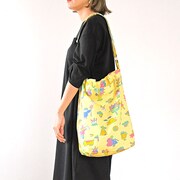 キャンバスショルダートートの使用イメージ。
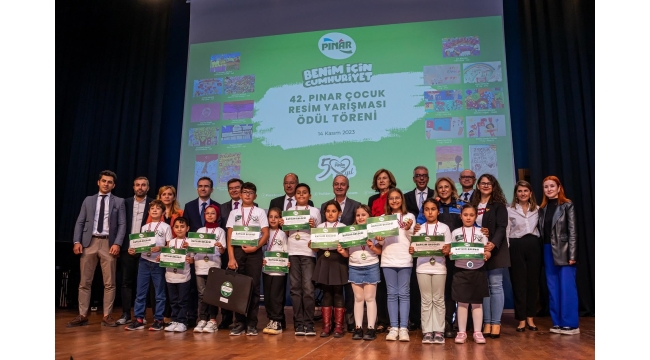 Cumhuriyet’i anlatan minik ressamlar, ödüllerine kavuştu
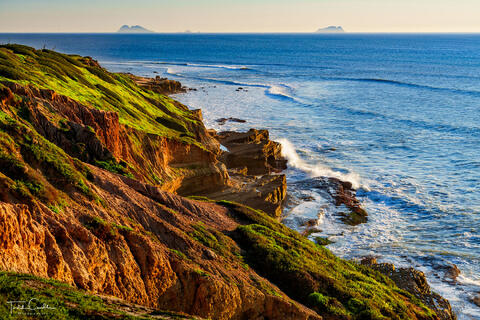 waves at sunset along the pacific coast at cabrillo national monument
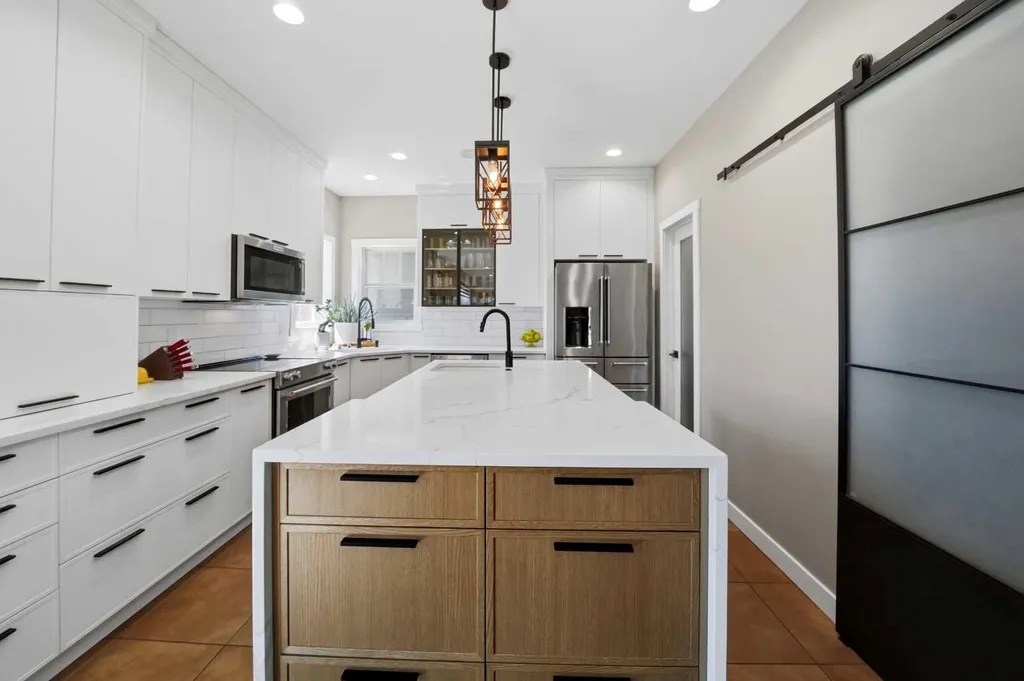 4002 45 Avenue Sylvan Lake AB T4S 0C1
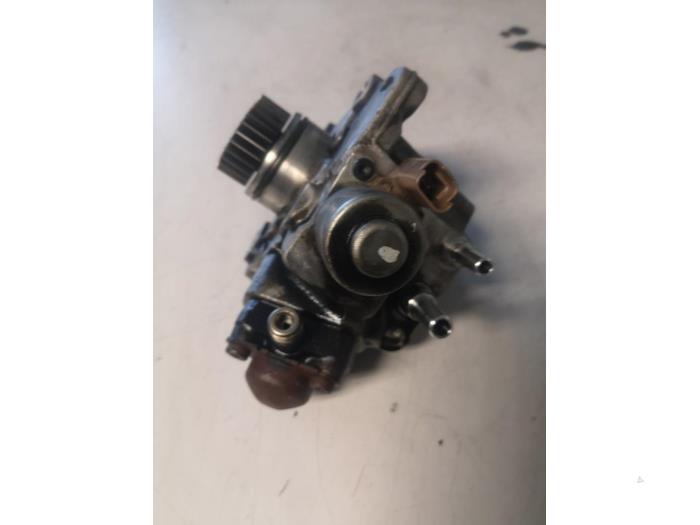 Dieselpomp van een Peugeot Boxer (U9) 2.0 BlueHDi 130 2018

☆ ☆ ☆ ☆ ☆

* Your task: Write the lines out exactly, beginning at the line that holds "Cumhuriyet’i anlatan minik" and stopping after the last line of the entries; include no pictures.

* Result of this task:
 Cumhuriyet’i anlatan minik ressamlar, ödüllerine kavuştu
 waves at sunset along the pacific coast at cabrillo national monument
 4002 45 Avenue Sylvan Lake AB T4S 0C1
 Dieselpomp van een Peugeot Boxer (U9) 2.0 BlueHDi 130 2018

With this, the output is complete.